Мы как-то забыли в ходе повествования, что классик был, вообще-то, женат. Супруга Достоевского им была найдена не в капусте, а изначально являлась женой довольно высокопоставленного таможенника Александра Исаева. Тот, что вообще характерно для сотрудников этой отрасли экономики, крепко пил, не мешая роману жены Маши с рыженьким писателем, а потом как-то тихо умер, оставив ребятам дом и сына Павлика.
Как говорил один знакомый  профессор, «не надо усложнять, и не будем упрощать».

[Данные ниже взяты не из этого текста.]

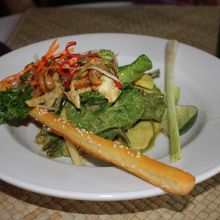 ドレッシングもイケてるチキンとアボガドのサラダ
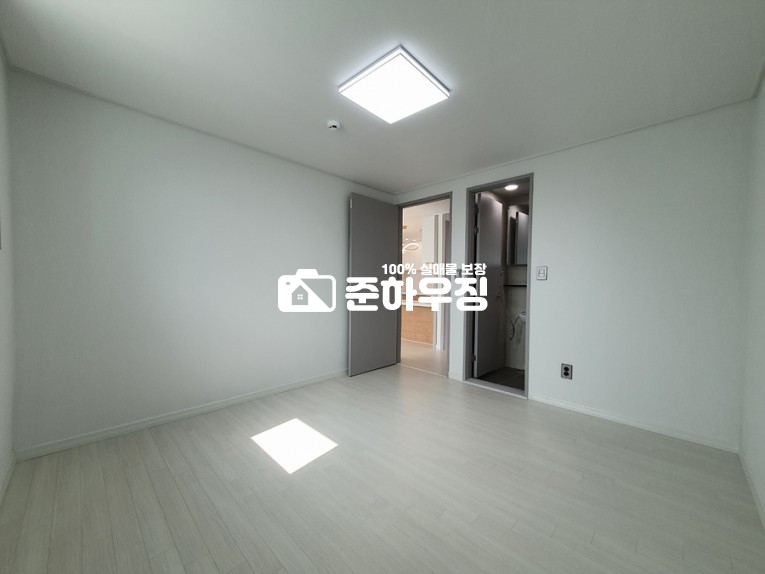 경기 김포시 통진읍 서암리 102동 김포시 ~주차100% 통진초교 인접 ~ 서울 진입 버스 인접!!! 제2외곽순환도로 개통으로 풍부한 교통망 확보, 주변 개발로 주택가격 상승 호재 많은 이곳 분양 매물번호 10450 사진 12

Классику литературы просто ничего не оставалось, как, получив обидный отказ от Анюты, вступить в отношения со своей стенографисткой, у которой было два серьезных преимущества. Не надо было запоминать нового имени, ее тоже звали Анечка, и возраст, как любил Достоевский – двадцать один (игрок Федор Михайлович, ох игрок, что сказать).
Стенографистка Анечка пережила множество загулов супруга с проигрышами в картишки всего и вся. Один раз Федор Михайловичу не шла карта, и он даже проиграл Анечкино платье, поставил ее нижнее белье, но девушке повезло – ставку не приняли.
Девушка оказалась – золото. Против посещения супругом борделей и других дам не возражала, к проигрышам всего и вся привыкла, дома установила порядок, все особенности сексуальности гения русской словесности удовлетворяла без капризов, к тому же еще и литературным наследием занималась, разбиралась в его залежах.
Достоевский, бывало, с игры придет, или борделя, к примеру, да обыск Анне Григорьевне учинит на предмет профилактики измены, письма ищет, подарки какие-нибудь, записки. И его можно понять. Жена молоденькая, то ли дочка, то ли внучка. В интиме – искусница, сам девушку всему научил. А сокровище беречь надо. Да и потом, если что, опять кого-то искать… Доверяй, как говорится, но проверяй.
А Аня только царю верноподданнические письма строчила, очень любила помазанника, просто всей душой. Веру Засулич просила повесить, хотелось ей как-то вот со всеми так, в едином порыве, как говорится, чтоб душа пела и плясала в монархическом экстазе.
Да! Так к чему это все. Автор сделал третью, самую сладкую затяжку «Боливара», позволив себе глоток великолепного коньяка, взял с подоконника книжку, пролистал пожелтевшие страницы, задумался.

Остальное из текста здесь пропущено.